The thing is, I don’t know how to tell my boys that I have breast cancer. I’m a single mum and it’s just me and them at home. I have a wonderful small circle that support us but ultimately it’s just the 3 of us. 
I have stage 1, grade 2 ductal cancer. I have a lumpectomy and sentinel node removal booked for the 20th with radiotherapy starting 6 weeks later. 
My eldest son is 16 and currently sitting his GCSE’s. I’m waiting till his last exam on the 17th to tell him and his 14 year old brother. 

I will have my best friend Louise with me in the day to help support both myself and the boys as they are very close. 

Does anyone have any advice to help?  

  • Hi Bink,

    I told mine once I had my treatment plan. That way I was able to reassure them. I had a plan to follow which would make me well again.

    I had chemo and my hair fell out. I let the 5 year old cut some of it before getting it shaved. I think because I was positive about moving forward. It helped them to feel positive. Kids are very resilient and adapt if they know what's ahead if them.

    Good luck with your treatment and recovery 

  • It's such a heavy cloud weighing over your head until you tell them. Kids tend to be a lot more black and white, I waited until I knew exactly what I was dealing with which you now do.  I would sit them down separately if you can, the oldest first although if they're very close you might decide together is better. Explain that whilst cancer can be a very scary word there are lots of different types and lots and lots of people are diagnosed with cancer and are absolutely fine after treatment.  I would point out that it has been caught very early and therefore there's no reason to be scared as the doctors have sorted out a treatment plan so that you can beat the cancer.  I would explain the treatment to them and tell them that you really need their help (i think boys like to step up), tell them that you won't be able to do much for a couple of weeks after surgery and that the radiotherapy will make you very tired so you will need their help and support for a number of weeks.  Reassure them that as a family you can fight this and you will come out stronger.  I was really worried when I told mine as they lost their grandfather to cancer but they coped much better than I could have imagined. Best wishes xx

  • Hi Bink,

    I'm sorry you are in this position it's horrible for everyone.

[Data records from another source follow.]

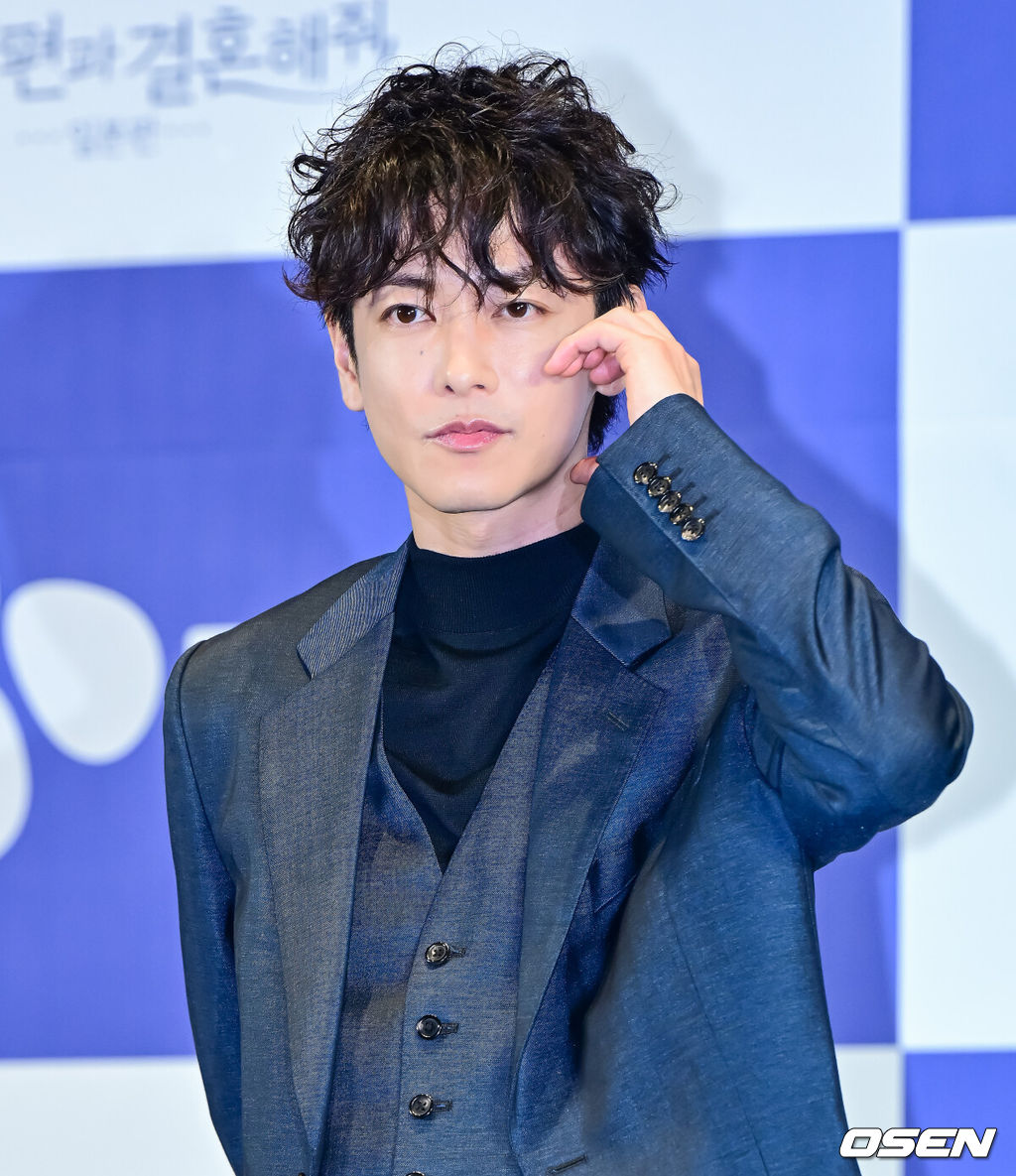 26일 오후 서울 신도림 라마다 호텔에서 CJ ENM X 스튜디오드래곤 기획 ‘내 남편과 결혼해줘’ 일본판 제작발표회가 열렸다.'내 남편과 결혼해줘'는 주인공 강지원이 자신의 친구와 바람난 남편에게 배신당하고 죽음을 맞은 뒤 과거로 회귀해 복수하고 새로운 삶을 살아가는 내용으로, 동명의 웹소설을 원작 삼아 만들어진 드라마다. 앞서 지난해 1월부터 2월까지 국내에서 tvN 드라마로 방송돼 극성 강한 전개로 뜨거운 사랑을 받았다. 일본에서 드라마화되는 작품은 한국 드라마의 일본판 리메이크 버전이다. 이를 위해 드라마 '비밀의 숲', '알함브라 궁전의 추억'을 비롯해 넷플릭스 오리지널 시리즈 '더 글로리'로 호평받은 안길호 감독이 메가폰을 잡았다. 또한 한국에서 배우 박민영이 활약한 여자 주인공 역에 드라마 '오오쿠', '대대손손 상인 금과 은' 시리즈, '페르마의 요리' 등에 출연한 코시바 후우카가 출연한다. 남자 주인공으로는 영화 '바람의 검심' 시리즈로 사랑받은 사토 타케루가 나서 기대를 모은다. 배우 사토 타케루가 포토타임을 하고 있다. 2025.06.26 /jpnews@osen.co.kr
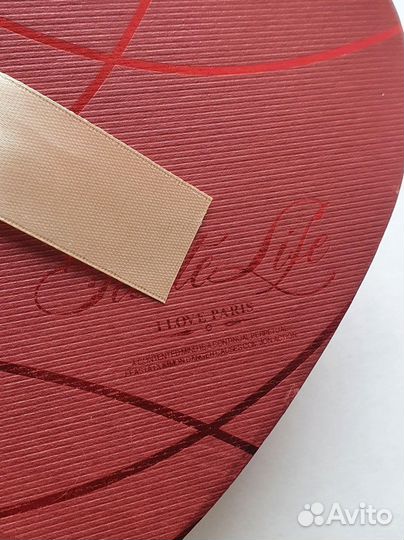 Коробка подарочная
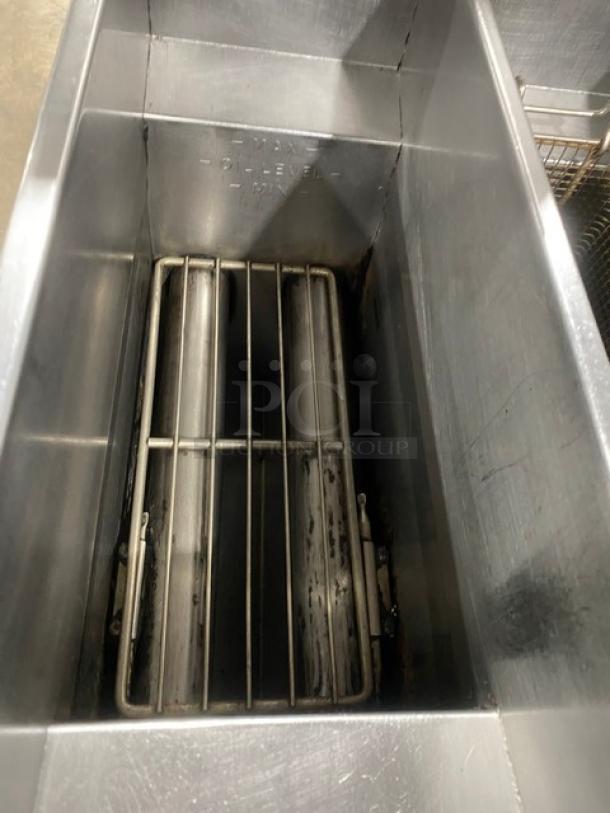 Pitco Commercial Stainless Steel Natual Gas Powered Floor Style Split Tank Deep Fat Fryer! With Frying Baskets! On Casters! - Image 6 of 9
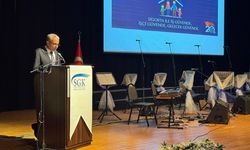 İzmir'de Sosyal Güvenlik Kurumu çalışanlarından oluşan koro konser verdi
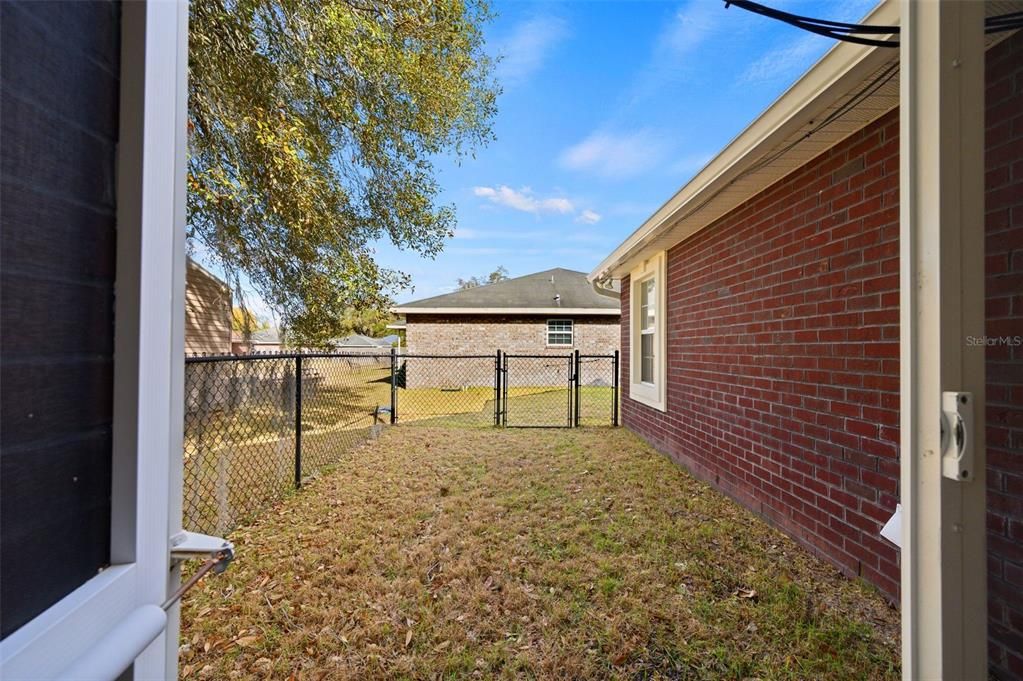 En Venta: $394,900 (3 camas, 2 baños, 2051 Pies cuadrados)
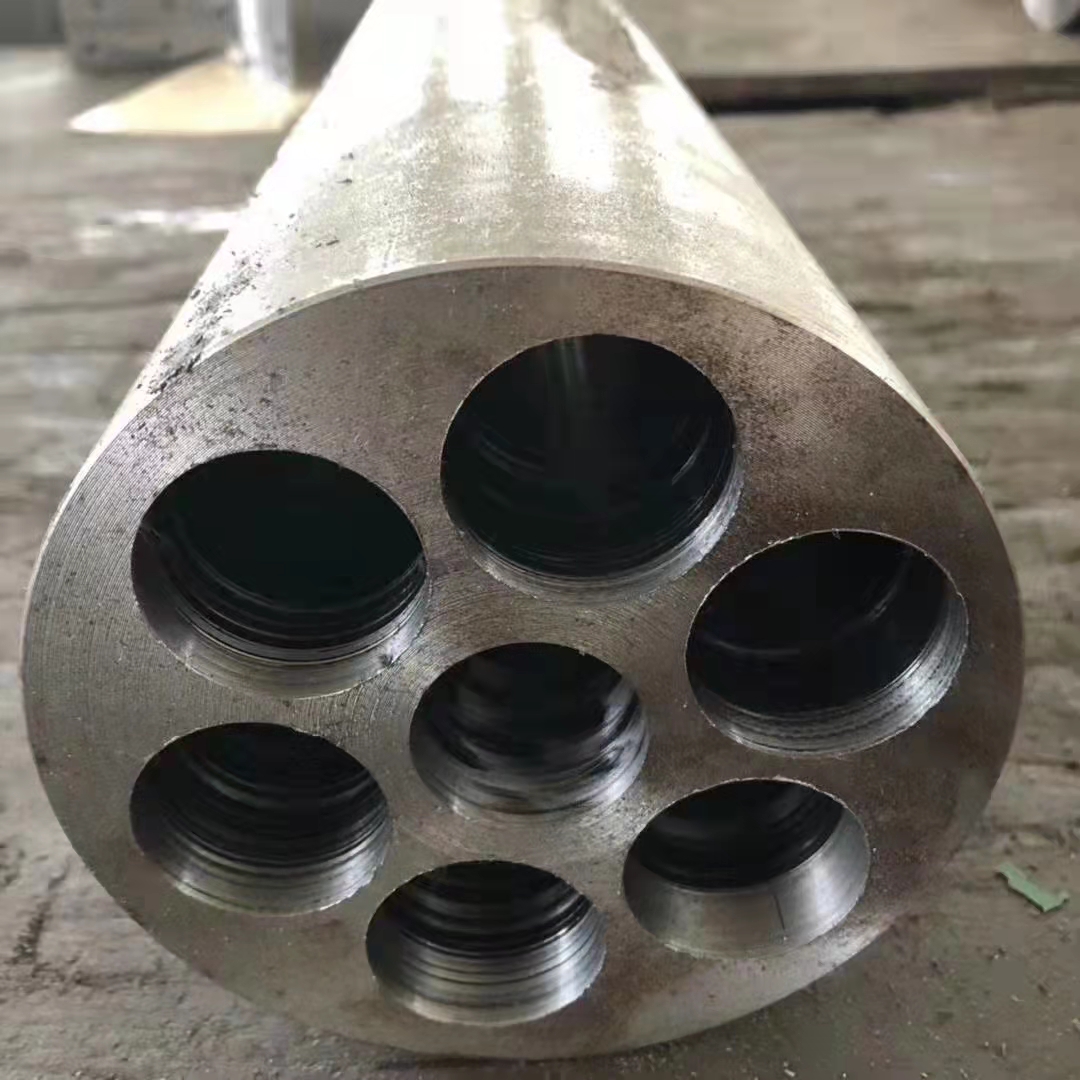 深孔加工孔徑1.3-200mm***大深度4米。內(nèi)孔珩磨，孔徑公差可到0.02，粗糙度0.2。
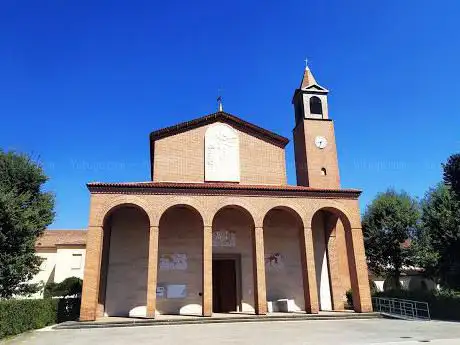 Photo de Chiesa Di San Lorenzo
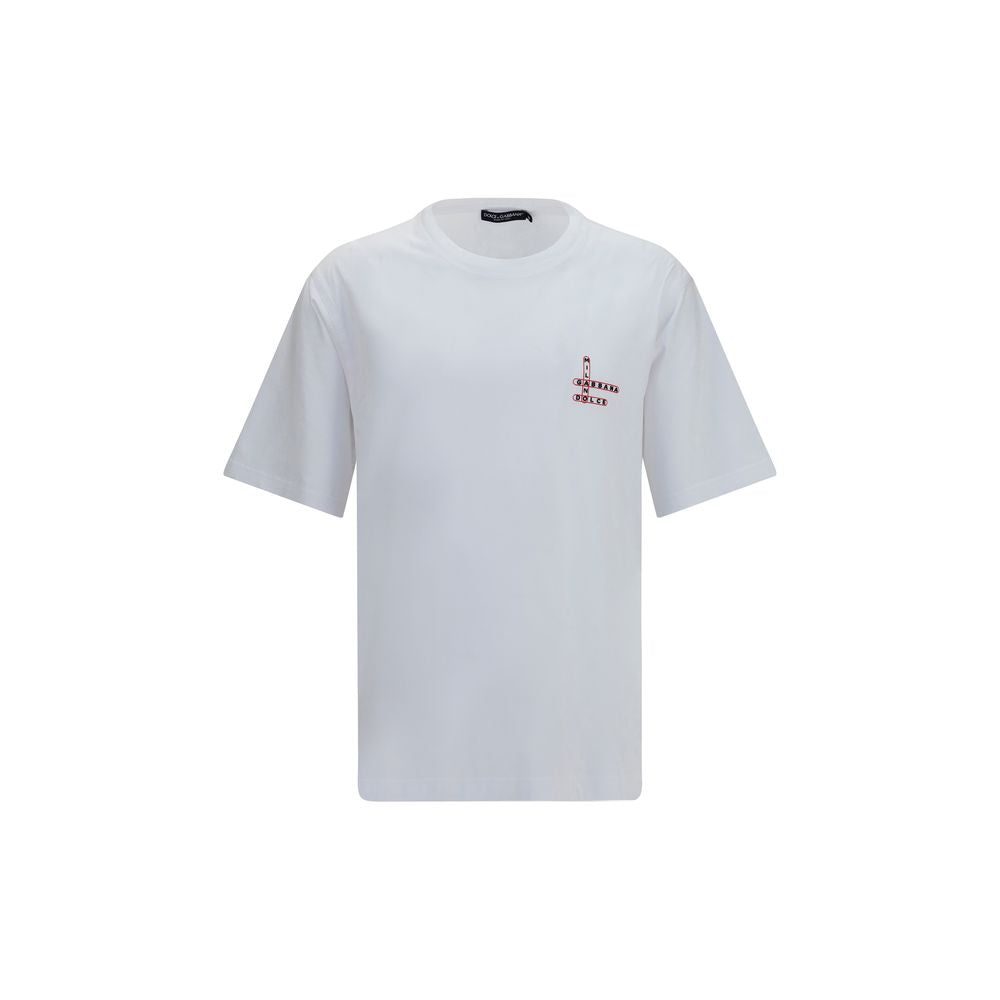 T-shirt blanc en coton de Dolce & Gabbana, coupe classique avec logo discret, porté sur un mannequin.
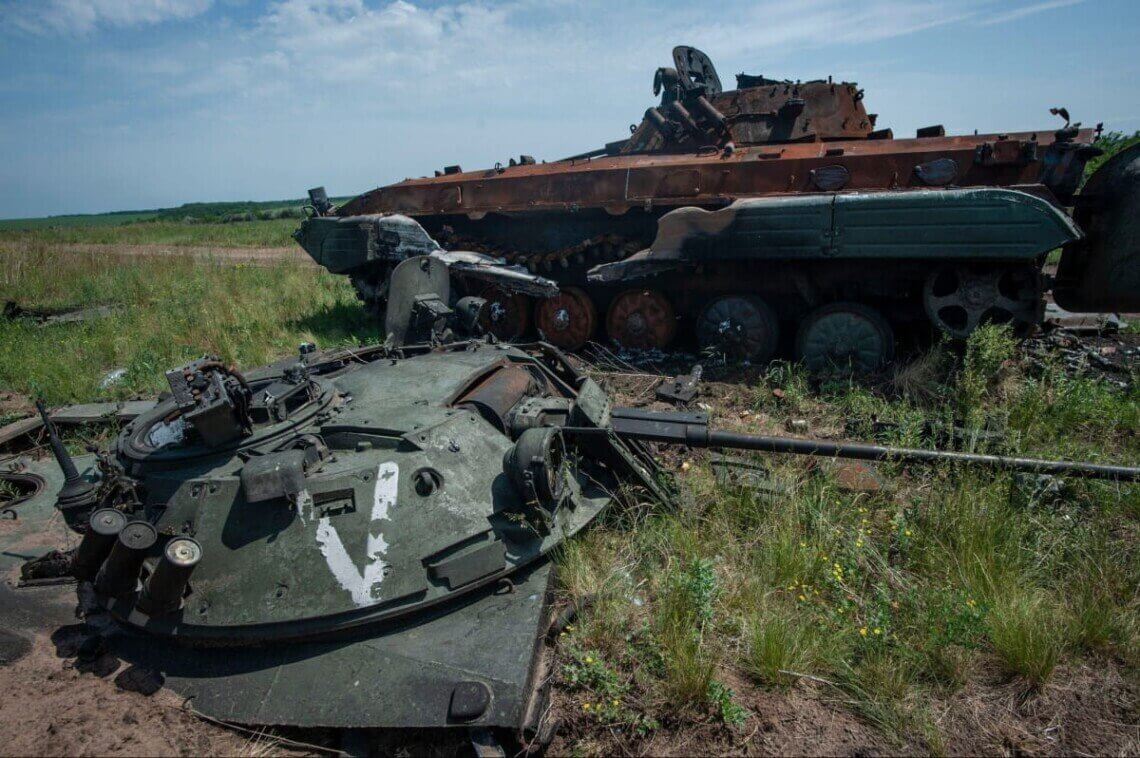 ЗСУ знищили 16 російських танків та 64 окупанти на півдні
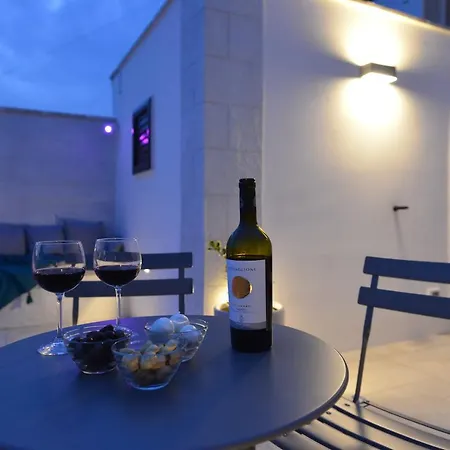 Laurel Con Idromassaggio Lägenhet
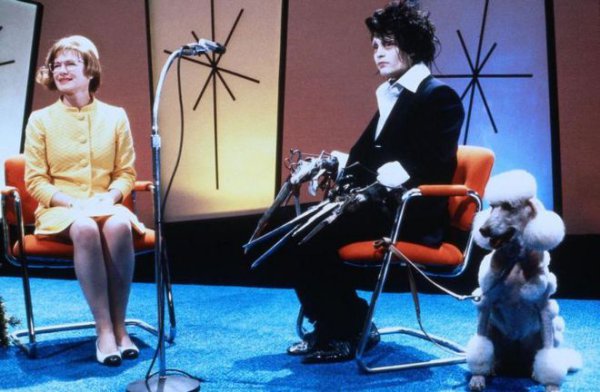 剪刀手爱德华结局深层寓意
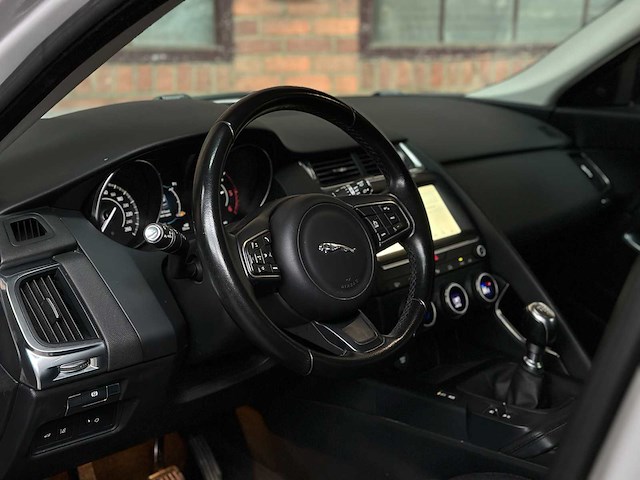 Jaguar e-pace 2.0 d150 awd t150pk 2018 - afbeelding 9 van  41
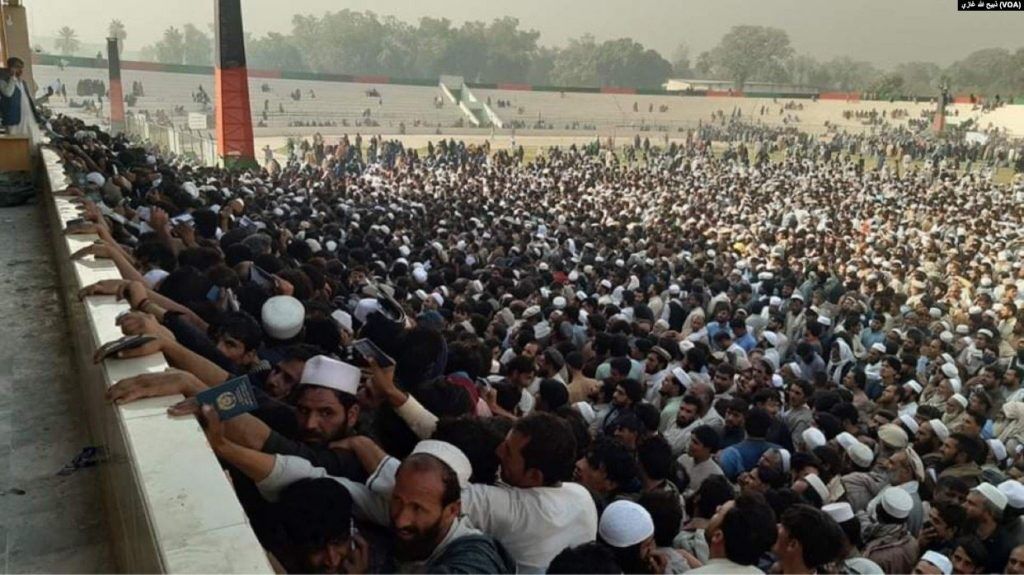کشته شدن 12زنِ افغان در صف اخذ ویزای پاکستان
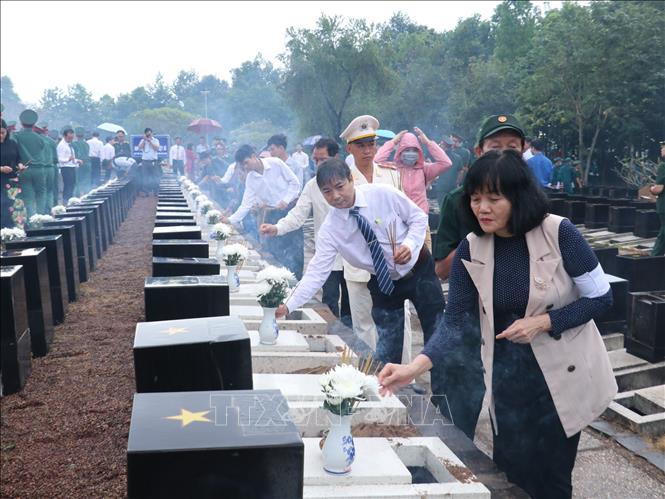Trong ảnh: Các đại biểu thắp hương trên phần mộ các liệt sĩ. Ảnh: K GỬIH -TTXVN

I was diagnosed last April and my children were 14, 17 and 8. I have to admit I really played it down, my husband thinks too much as he felt the children didn't pull their weight!! But i was desperate not to affect them and life be pretty much the same. I told them a lump had been found it had some cancerous cells in so they are removing it (explained surgery would be a day but recovery would be a few weeks) and then I would be having chemo/radio for an extra precaution to make sure all the cancerous cells had gone.I didn't lose my hair, I cold capped and I think that made a difference to them as i never looked any different and don't get me wrong I had horrible side effects from chemo but I was in bed when they were at school and then would always be up and around when they got home from school!! To be fair they didn't really ask many questions, my 14 year old did ask if it was something you could die of and i just said about it being caught early and so many great treatments now......

    Good luck with everything. Like Missmolly says kids are very resilient and I think you might be surprised how well they take it.

    Xx

  • Hi Bink

    was diagnosed last March . I have 3 daughters 19 17 and 15. The youngest was doing her state exams and the oldest her 1st year exams at Uni. We sat them down together and told them I had pre cancerous cells and as a precaution I was going to have a masectomy. 

    To this day I still haven't picked up the courage to tell them I had Cancer. I think we do what is best to protect our children. 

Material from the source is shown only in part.